Like most other thing to do with New Zealand rugby, the Māori All Blacks are not your average representative team. While most representatives teams are a bit of a jolly, more about socialising and rekindling the ‘amateur’ values of rugby union, the Māori are a deadly serious outfit – they beat the Lions in 2005, and regularly play A sides and Tier 2 nations. The Māori heritage aspect might be strictly enforced, but there’s little doubt that those that don the jersey of the Māori All Blacks see it as a dress rehearsal for putting on the real thing. 

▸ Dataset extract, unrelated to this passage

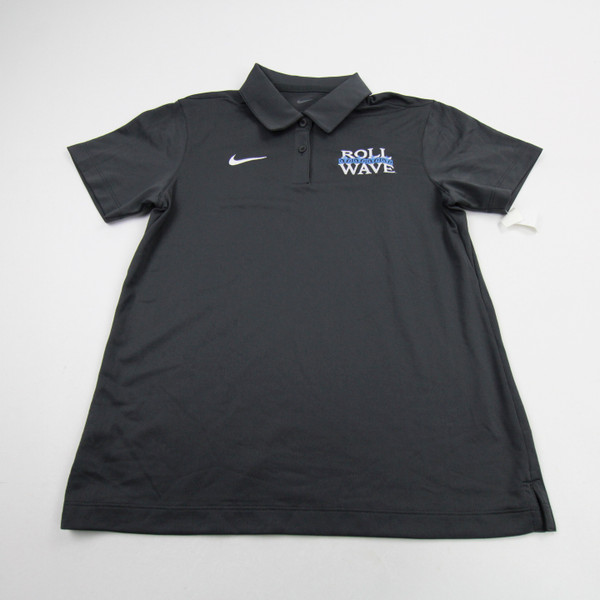 Tulane Green Wave Nike Dri-Fit Polo Women's New with Tags Multiple Sizes TOPS-154293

Given their unique nature then, it’s fitting that the Māori All Blacks also have a unique shirt to reflect it, and unlike the spartan, clean nature of the full All Blacks shirt, there’s certainly an awful lot going on to discuss here. Indeed, this shirt was created specifically for the Māori’s recent tour of Japan, and with the help of renowned Maori artist Dave Burke the aim was to create a design that not only incorporated Maori images and stories, but also paid respect to traditional Maori and Japanese cultures.


Burke, along with Māori All Blacks Kaumātua Luke Crawford and senior team members got together to create a design that blends traditional Māori imagery with traditional Japanese iconography to create a bold, eye-catching design that’s certainly not like anything else in the rugby world.

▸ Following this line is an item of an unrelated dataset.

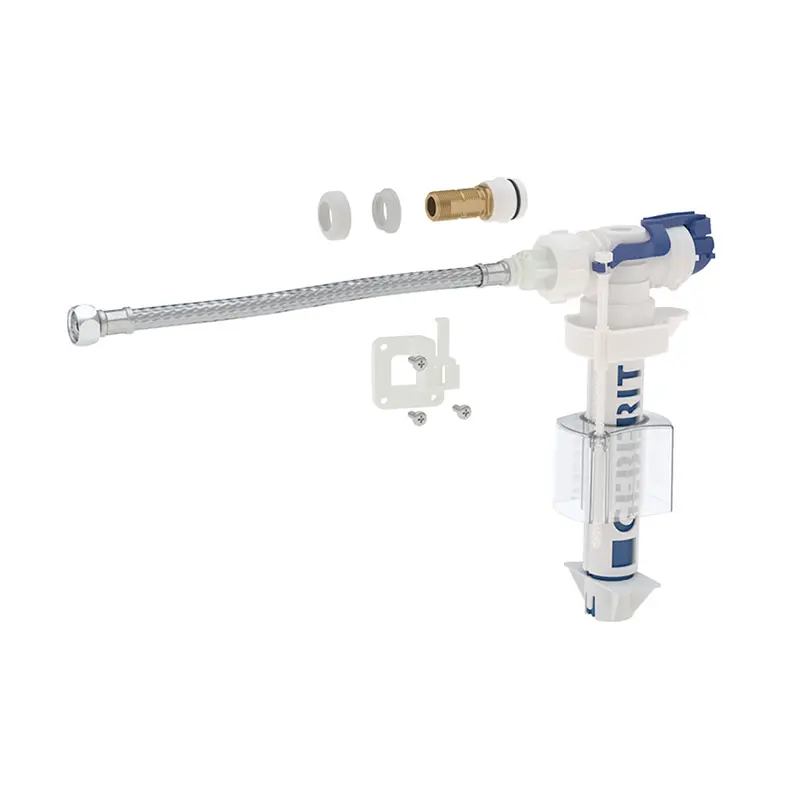 Geberit Type 380 Float Valve With Installation Kit & Hose | Ref. 246.192.00.5 For 10.700 Cistern 1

We’ll be the first to admit that the precise nature of traditional Māori imagery and art is not our forte here at RSW, so we’ll leave it to Crawford (courtesy of the press blurb), to explain the precise thinking behind the design. “There are three key design elements that we focused on – the Takarangi on the shoulders, Ara Poutama on the ribs, and Manaia on the stomach region,” Crawford explains. “With the Takarangi, we wanted players to carry the beginnings of Maori and Japanese cultures on their shoulders. The Ara Poutama is a pattern that expresses the whakapapa and genealogy of both Maori and Japanese warriors. Then we have the Manaia, the two figures at the bottom of the jersey, which represent both the Maori and Japanese teams with their traditional weapons ready for battle. We wanted to show our Japanese friends that we’re very similar. Part of the design pays tribute to Maori moko art form and its similarity to Japanese culture and rituals around body tattooing.”

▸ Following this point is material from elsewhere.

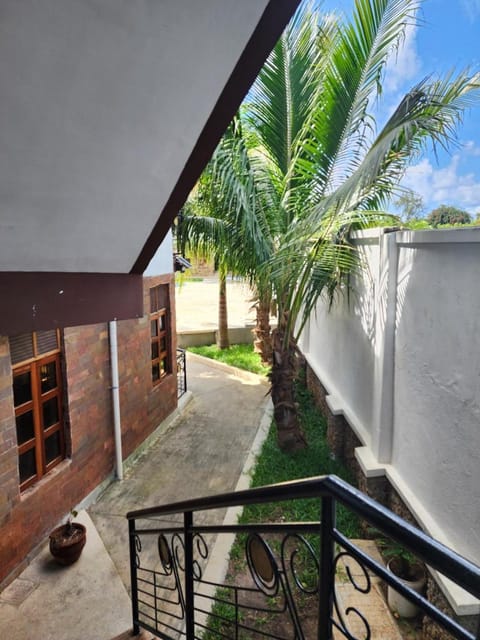 Patio, Balcony/Terrace, Garden view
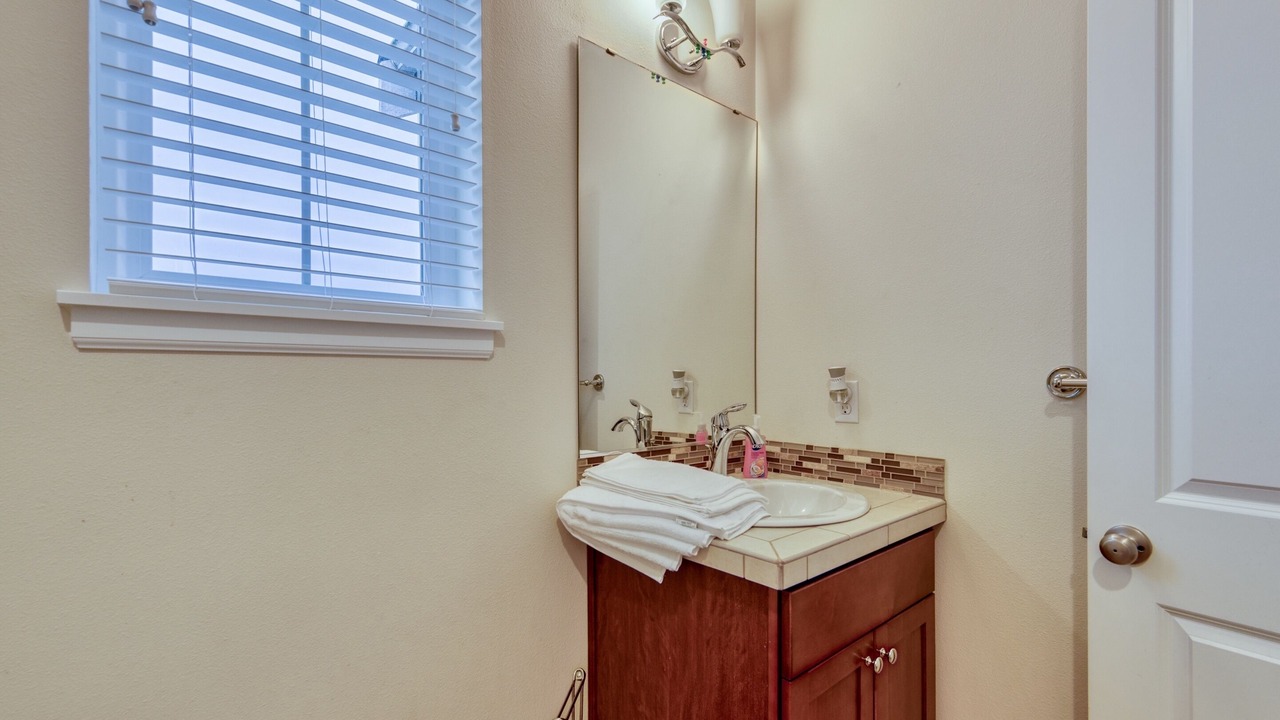 Photo of Bathroom in Martha Lake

It’s a really cool idea – creating a shirt specifically for a tour or tournament, that reflects not only your own proud culture, but the similarities and common heritage that you both share. We suppose that it’s a similar idea to what England tried with their infamous black alternate shirt for the 2011 World Cup… though that wasn’t exactly taken in the spirit of cultural hegemony by many in New Zealand…

But we think there’s a really nice idea here – rugby’s a sport where you’re supposed hammer seven shades of shit out of your opponent for 80 minutes, then have a beer with them afterwards. By showcasing that two sides who are opponents on the field share much and have mutual respect for one another, this shirt nicely emphasises those values, and manages to look pretty damn striking while doing it.